"Waktu kita muda, kita bersumpah, siap memberikan segala-galanya untuk bangsa Indonesia. Waktu itu Indonesia baru merdeka, kami ingin Indonesia menjadi negara makmur, tidak ada laki-laki dan perempuan Indonesia yang sulit mencari pekerjaan. Tidak ada orang tua, yang tidak bisa mengirim anak-anaknya ke sekolah," kata dia.

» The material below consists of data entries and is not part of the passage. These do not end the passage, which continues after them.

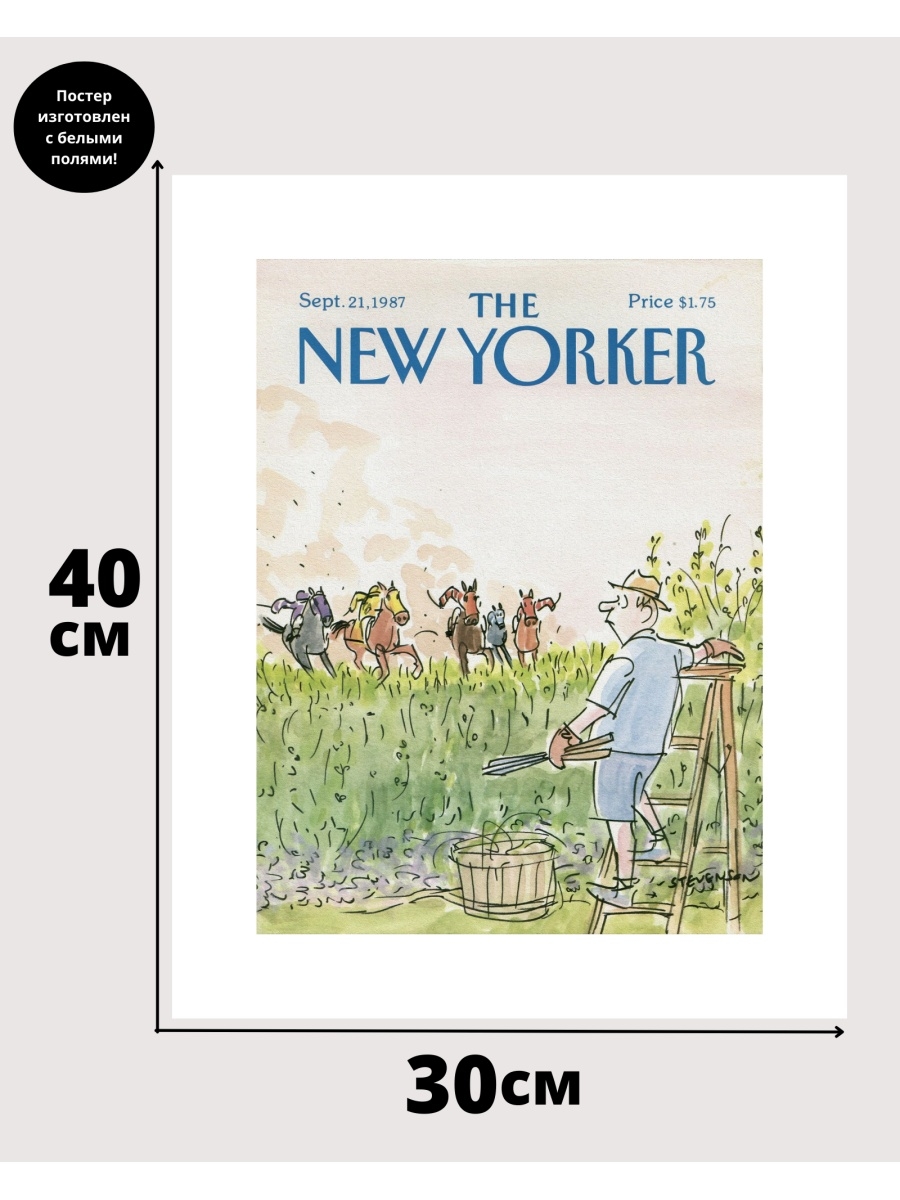 New yorker отзывы. Нью йоркер. New Yorker Размеры. Ботильоны New Yorker. Топ New Yorker.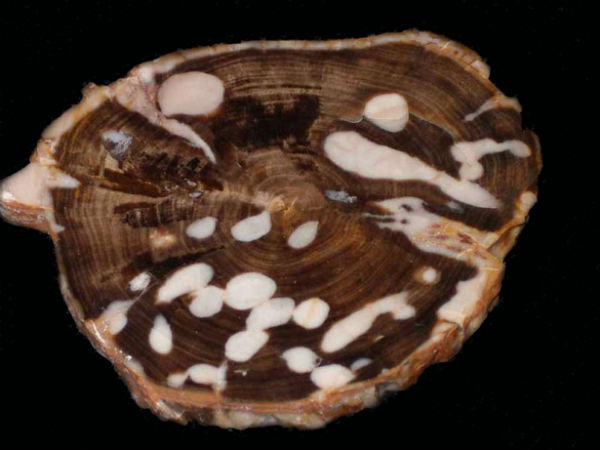  क्या है लाभ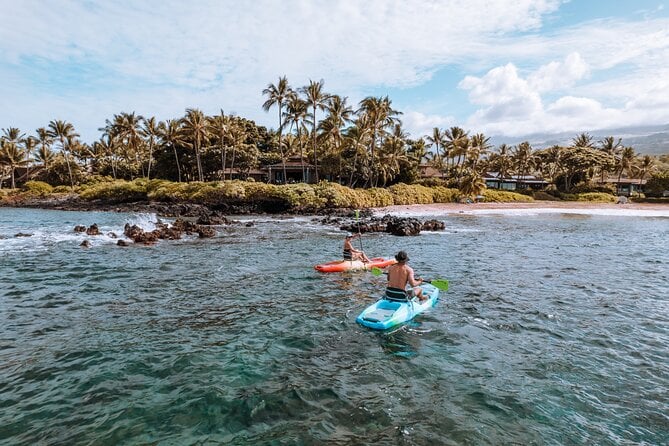 Maui'S ONLY Electric Powered Kayak & SUP Hybrid Rentals. - Unparalleled Maui Experience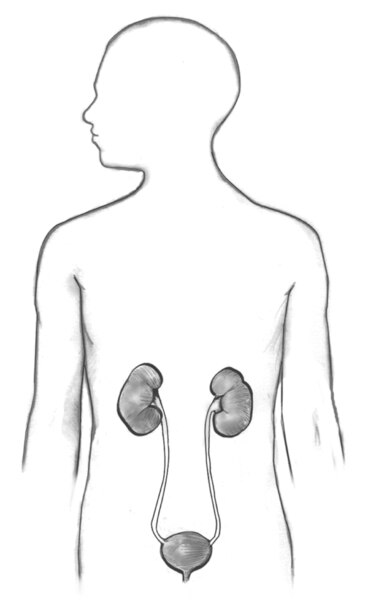 Anatomical drawing of the kidneys, ureters, bladder, and urethra within the outline of a male figure.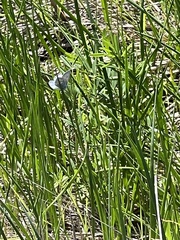 Glaucopsyche lygdamus pseudoxerces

Prabowo menyampaikan di masa-masa awal kemerdekaan selepas penjajahan, seluruh pemimpin bangsa berjuang mempertahankan negara, karena Indonesia saat itu masih miskin, namun kaya sumber daya alam (SDA).
"Karena Nusantara ini sangat kaya, kita sangat kaya. Dan sampai saat ini kita masih sangat kaya," katanya.
Menurut Prabowo, dalam perjalanan kepemimpinan Indonesia, setiap pemimpin pasti mempunyai jasa atas kemajuan bangsa. Namun demikian, pasti pula ada kekurangan, sehingga tugas pemimpin selanjutnya adalah meneruskan kemajuan yang lebih hebat.
"Dari zaman Bung Karno, apakah pak Karno ada kekurangan? Ada. Namanya manusia. Pak Harto, membuat kita swasembada, apakah ada kekurangan? Ada. Namanya manusia, Pak Habibie majukan teknologi, ada kekurangan? Ada. Gusdur, Bu Mega, Pak SBY, Pak Jokowi. Khususnya Presiden Jokowi, kita harus meneruskannya kemajuan dengan lebih hebat," kata Prabowo.